Portland Trail Blazers GM Neil Olshey talks about player development and the team's play 52 games into the season on Trail Blazers Courtside.

Craig Mitchelldyer-USA TODAY Sports

Portland Trail Blazers GM Neil Olshey to talk about the team's success over the first 52 games of the season heading into the All Star Break.

Neil, thanks for the time. I appreciate you taking the time to catch up with us and I know the fans love hearing from you, too.

Great! What's going on, guys?

Character win last night [at Houston on 2/8/2015]. You know, during rough stretches, rough patches, chemistry is tested for teams and I know chemistry is something you pay very close attention to. What were your thoughts on the bounce-back victory after the real tough loss to swallow against Dallas [on 2/7/2015]?

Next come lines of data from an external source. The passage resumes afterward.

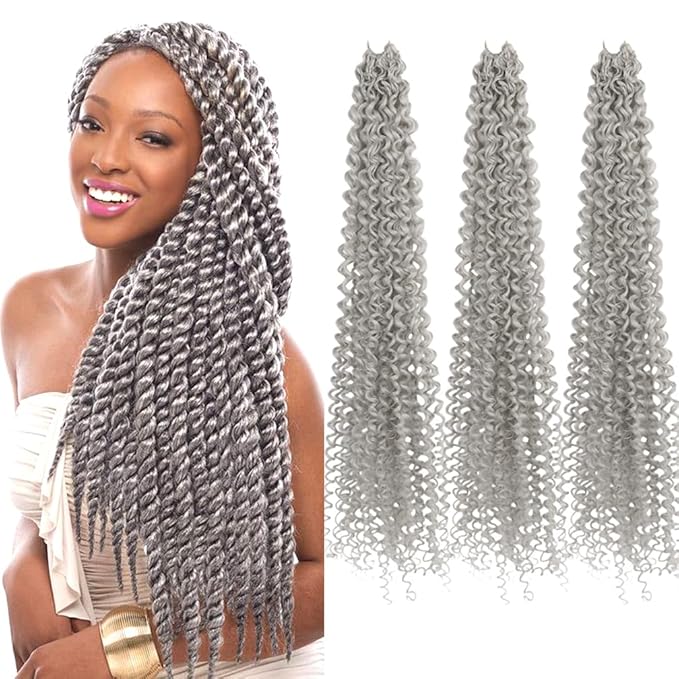 Curly Crochet Hair Extensions Gray Passion Twist Braids 24Inch Long Curly Braiding Hair 3Packs Spring Crochet Braids Hair Extensions Goddess Box Braids for Black Women(24",Gray)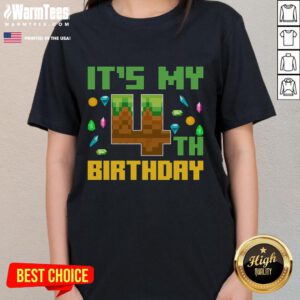 Funny birthday boy wearing a pixelated video game tee celebrating his 4th birthday with joy and laughter.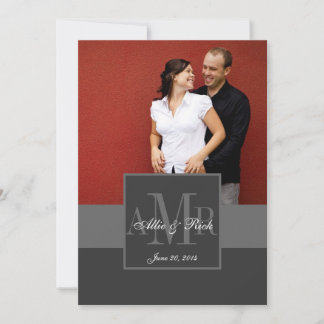 Invitación a matrimonio de fotografía en monograma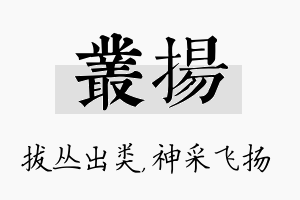 丛扬名字的寓意及含义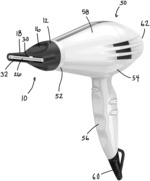 GLASS OR GLASS-LIKE STYLING COMPONENT FOR A HAIR DRYER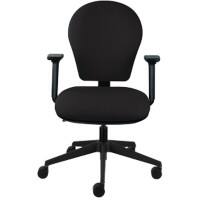 Energi-24 Office Chair Basic Tilt Fabric Height-Adjustable Armrest Height-adjustable Seat Black 150 kg Posture Task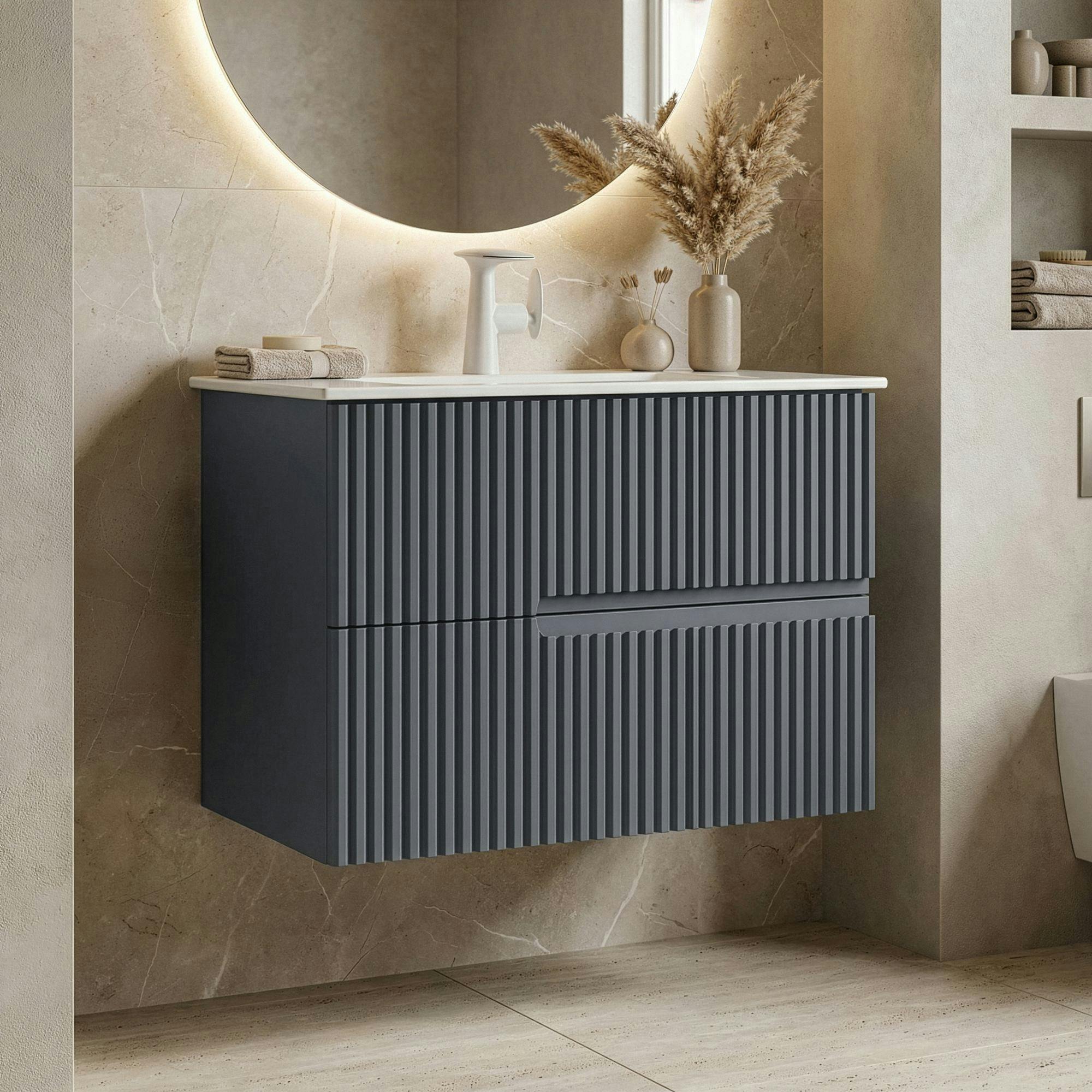 Meuble vasque suspendu 70 cm anthracite 2 tiroirs RIVIA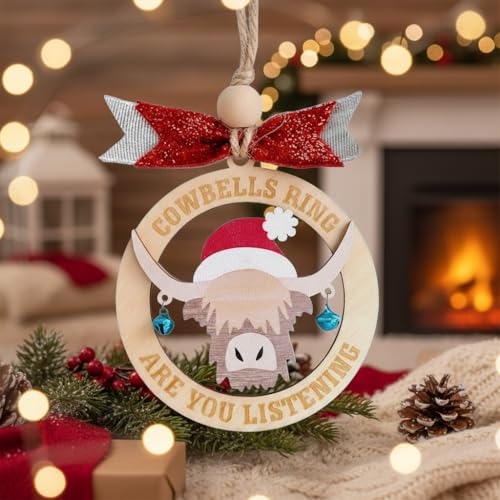Funny Highland Cow Christmas Ornaments, Western...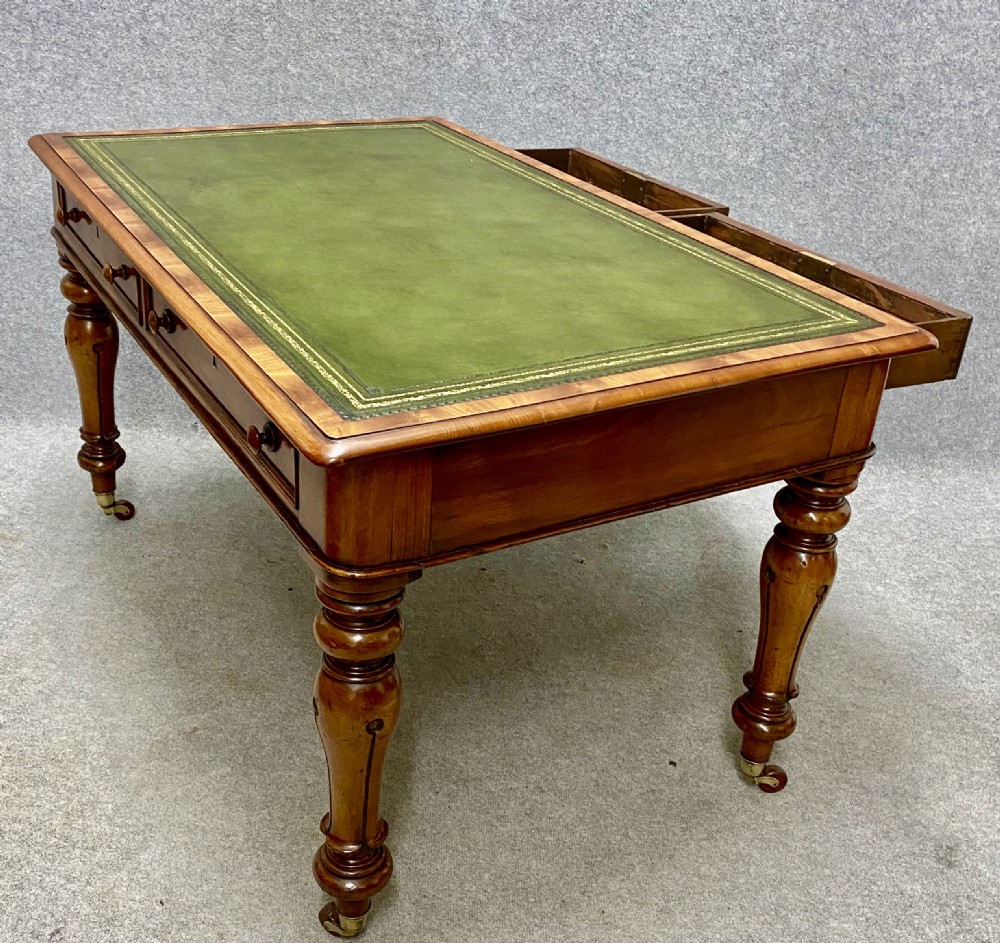 Large Double Sided Mahogany Writing Table View IX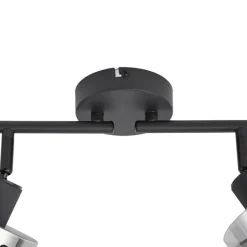 QAZQA Deckenstrahler|Aufbaustrahler*Design Deckenstrahler schwarz mit Rauchglas 4-Licht - Domo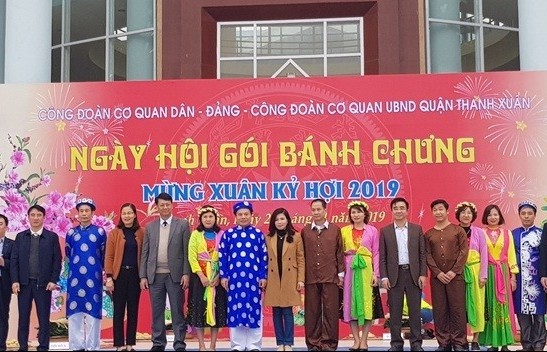 Tưng bừng ngày hội gói bánh chưng quận Thanh Xuân 2019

Terry [Stotts] and I were talking this morning. I mean, I had trouble getting out of bed Sunday morning. I was so depressed after Saturday night, and I can't imagine what it was like -- the coaches get on the plane, work through the night coming up with a new game prep, going to a lunch meeting, and then not only play a back-to-back against a high-level opponent on a quick turnaround on the road, and to come out and give that kind of effort consistently through the four quarters. To have Houston come back, put a little bit of a scare back into us, and have the guys show the resiliency that they did, it really does show to the character and the commitment that the guys have to this team. We have a lot of guys that are still playing hurt and they're playing through injuries and they're fighting through it, and I think they all knew just how critical getting a split on that trip was. We gave one away Saturday night to Dallas and it showed a lot of intestinal fortitude to get it right back.

How important, looking at back-to-back games like that, where your starters, in overtime, had to play a lot of minutes in that Dallas game -- how important is the bench for a playoff team and what do you think of the Blazer bench so far this year?

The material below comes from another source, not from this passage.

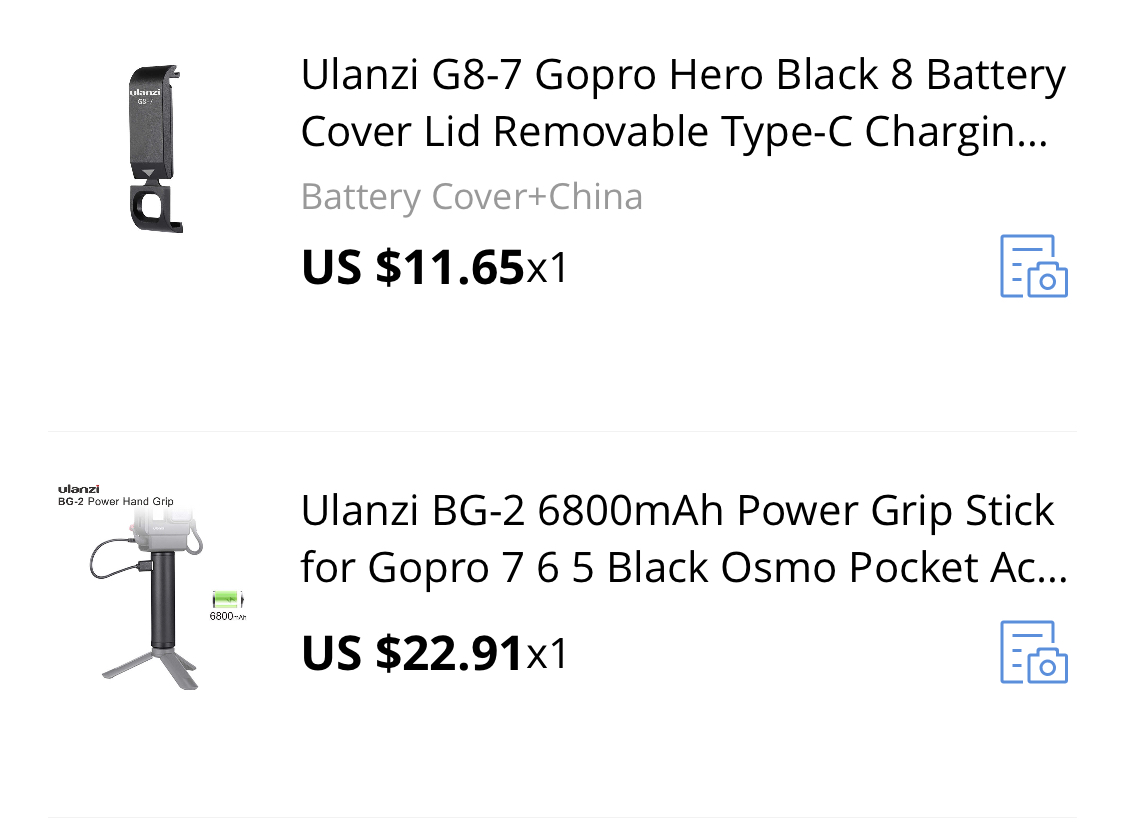 고프로 히어로8 (Gopro Hero8) 야외 촬영시 충전을 위한 배터리그립 및 배터리 커버.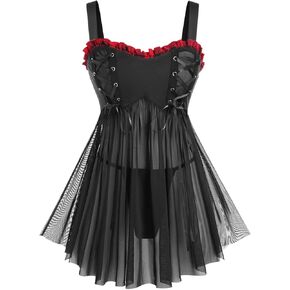 ROSE GAL Rosegal Womens Plus Size Lingerie Chemise Sleepwear Nightgown Frilled Lace-up Sheer Mesh Panel Babydoll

I think the bench gets a pretty bad rep and I think people need to dig a little bit deeper. I think it's interesting. Last year at this point, we were 36-16 after 52 and this year we're 35-17. Last year, we didn't have a starter miss a game up until the All Star Break. At this point this year, we've already had 35 games missed by our starters, so somebody is stepping into that void and it's got to be the guys coming off that bench because we're only a game behind where we were last year in what's probably proving to be an even tougher Western Conference. I have one stat for you because I want to be prepared for this bench question because too many people look at the bench in a vacuum. When you look at some of the lower-scoring, and just scoring -- some of the lower-scoring benches in the league along with us are the Clippers, Memphis, Houston, and Cleveland, and last time I checked, they were pretty good teams. When you play your starters and you try and keep your starters healthy and they're the focal point of your team, the bench isn't going to get as big an opportunity. Last year, our bench ranked 13th in the league in real plus-minus. They were a -64 on the season. This year, we're ranked seventh and we're +253. Nobody tell me the guys aren't getting it done when they get an opportunity. The goal is for them not to get too big an opportunity because we want our starters on the floor, so that's what makes us a unique team in this league. We think we have, if not the, one of the best starting lineups in the NBA, so we want those guys on the court, and then we're getting contributions -- it's not always in raw numbers; it's not always raw scoring; it's how they play, how they interact with the starters they share the floor with, what their match-ups are for a given night. I think we've seen the emergence of CJ McCollum and Meyers Leonard lately. Dorell [Wright]'s had big nights off the bench, Allen Crabbe stepped up when he needed to to replace Nicolas [Batum]. Everyone forgets we're still without Joel Freeland, who's one of, if not our best, defensive big. Our defensive rating is at our best when he's on the floor. We're still battling through some stuff right here, and we said it when it happened with [Robin Lopez]: it's going to make us a better team down the road and I think to this point, it really has.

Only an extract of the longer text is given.